Assets under Management and Assets under Administration were $31.7 billion and $121.4 billion, respectively, at quarter-end, compared to the year-ago quarter’s $31.7 billion and $109.3 billion.
Earnings Estimate Revisions – Overview
Following the earnings release, estimates have radically moved down. The estimate revision trends and the magnitude of such revisions justify the weakness in the stock. We will now go through the details of the earnings estimate revision to substantiate why an investor may not be interested in this stock.
Agreement of Analysts
Looking at the estimates revision trends, it becomes clear that a majority of the analysts have agreed on the negative FY2010 outlook for Marshall & Ilsley earnings. Of the total 20 analysts covering the stock, 13 have lowered the estimates for FY2010 and only 1 has moved in the opposite direction over the last 30 days.
Also, for FY2011, 11 analysts have decreased their estimates, while no upward revision was witnessed. The higher number of downward estimate revisions for FY2010 and FY2011 indicate a likelihood of downward pressure on the performance of the stock in the near term.
Magnitude of Estimate Revisions
Estimates for FY2010 deteriorated from a loss of $0.80 per share to a loss of $1.00 since the earnings announcement. Also, the estimates for FY2011 significantly moved down from earnings of 20 cents per share to earnings of 4 cents. The significant magnitude of the downward estimate revisions indicates why Marshall & Ilsley is not worth adding to an investor’s portfolio.
The stock has not been very steady over the last four quarters with respect to earnings surprises. The average remained negative at 2.3%. This implies that Marshall & Ilsley has missed the Zacks Consensus Estimate by the same magnitude over that period.
Though credit costs continue to weigh on earnings, we are encouraged to see the sustained turnaround in credit quality in the recent quarters with decline in net charge-offs and nonperforming assets ratios. Management has been adopting an aggressive approach for the last several quarters to proactively identify and deal with credit issues, which should lead to an improved outlook for credit losses over the coming quarters. This will indirectly help the company to experience a faster-than-peers earnings recovery with the gradual improvement of the economy and the recovery of the housing market.

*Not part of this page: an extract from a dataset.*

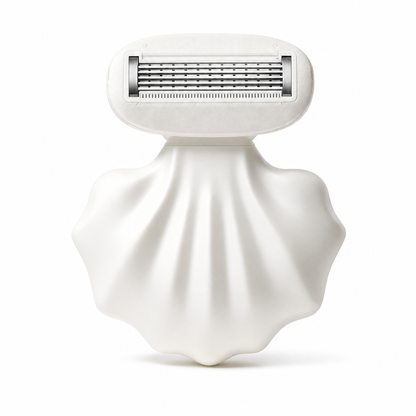 Portable Shell Shaped Manual Razor for Women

However, contraction of the loan book remains a drag. Though management has been able to meet most of the challenges with the help of low cost funding, disciplined deposit pricing and the preservation of its strong capital base, pressure on core revenues and higher credit costs will weigh on upcoming results.
The estimate revision trends, magnitude of revising the estimates and lower number of upward estimate revisions clearly indicate the potential for downward pressure on the stock over the near term.
However, Marshall & Ilsley shares maintain a Zacks #3 Rank, which translates into a short-term Hold recommendation.
Considering the company’s business model and fundamentals, we have a long-term Neutral recommendation on the stock.